People v. McLemore
Before: Wiener
Opinion
WIENER, Acting P. J. A four-count information charged self-styled tax protester Max R. McLemore with wilfully failing to file state income tax returns with the intent to evade taxes for the years 1977 through 1980 in violation of Revenue and Taxation Code section 19406.1 McLemore negotiated a plea bargain in which he pleaded nolo contendere to violating section 19401,2 a misdemeanor, for failing to file income tax returns for those years preserving his right on this appeal to pursue the argument he unsuccessfully made to the trial court. McLemore contends he was excused from filing state income tax returns because of his privilege against self-incrimination contained in article I, section 15 of the California Constitution. Guided principally by United States v. Carlson (9th Cir. 1980) 617 F.2d 518 we reject his argument and affirm the judgment.
Discussion
McLemore believes the government may not validly collect an income tax on wages earned. Eschewing a direct challenge to the state or federal government’s authority to tax, but nonetheless determined to defeat the government’s withholding system, McLemore filed a false withholding exemption certificate for each of the years 1977 through 1980. Although his annual wages ranged from $18,000 to $40,000 McLemore certified under penalty of perjury that he was exempt from federal income taxes. Recognizing this act is punishable under 26 United States Code section 7205, he now claims he cannot be prosecuted for failing to file a California state income tax return because to do so in effect would compel him to incriminate himself [720]as to the false withholding certificate.3 The reason for this is that California and federal statutes provide for reciprocal sharing of taxpayer information between the Franchise Tax Board and the Internal Revenue Service. (See § 19286; 26 U.S.C. § 6103(d).)

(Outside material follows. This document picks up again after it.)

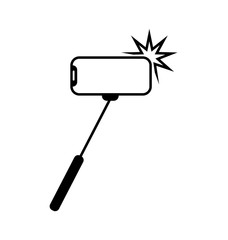 Selfie stick photo camera sign. Vector photography from a mobile phone. The smartphone is allowed. Monobreed selfie resolved symbol icon. Beware of selfie sticks.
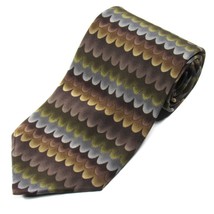 Grateful Dead Men&#39;s Printed Silk Clamshell Pattern Tie Brown Made in USA - £7.95 GBP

On virtually identical facts, United States v. Carlson, supra, 617 F.2d 518 held the Fifth Amendment does not shield a taxpayer from a prosecution for failure to file a complete income tax return where information on the return would likely indicate that the taxpayer previously filed a false withholding certificate. In reaching this conclusion, the Carlson court read California v. Byers (1971) 402 U.S. 424 [29 L.Ed.2d 9, 91 S.Ct. 1535] for the proposition that the Supreme Court has recognized the privilege against self-incrimination is not absolute. Rather, the individual’s need for protection must be balanced against the government’s need for information. (Carlson, supra, 617 F.2d at p. 521 and fn. 5.) In applying this analysis, the court noted that Carlson’s initial crime—the false withholding certificate— was an integral part of an overall plan to evade payment of his income tax. Thus, the Fifth Amendment privilege was not an after-the-fact shield to protect Carlson from a government inquisition but rather a premeditated sword to implement his tax protest philosophy. (Id., at p. 522.) On the other side of the ledger, the court recognized that the efficacy and equity of the income tax system depend on accurate self-reporting by individual taxpayers. (Id., at p. 523.) Carlson further observed that the objective of the tax return filing requirement, as evidenced by the broad scope of persons to whom it applies, is not to elicit incriminatory information but rather to make possible the collection of government revenue. (Ibid.) This may be contrasted with reporting requirements directed at a “highly selective group inherently suspect of criminal activities.” (Albertson v. SACB (1965) 382 U.S. 70, 79 [15 L.Ed.2d 165, 172, 86 S.Ct. 194]; see California v. Byers, supra, 402 U.S. at pp. 429-430 [29 L.Ed.2d at p. 18].) In Carlson’s circumstances, the court concluded the interests sought to be protected by the Fifth Amendment privilege did not warrant its application to shield a patent tax evasion scheme. (617 F.2d at p. 523.)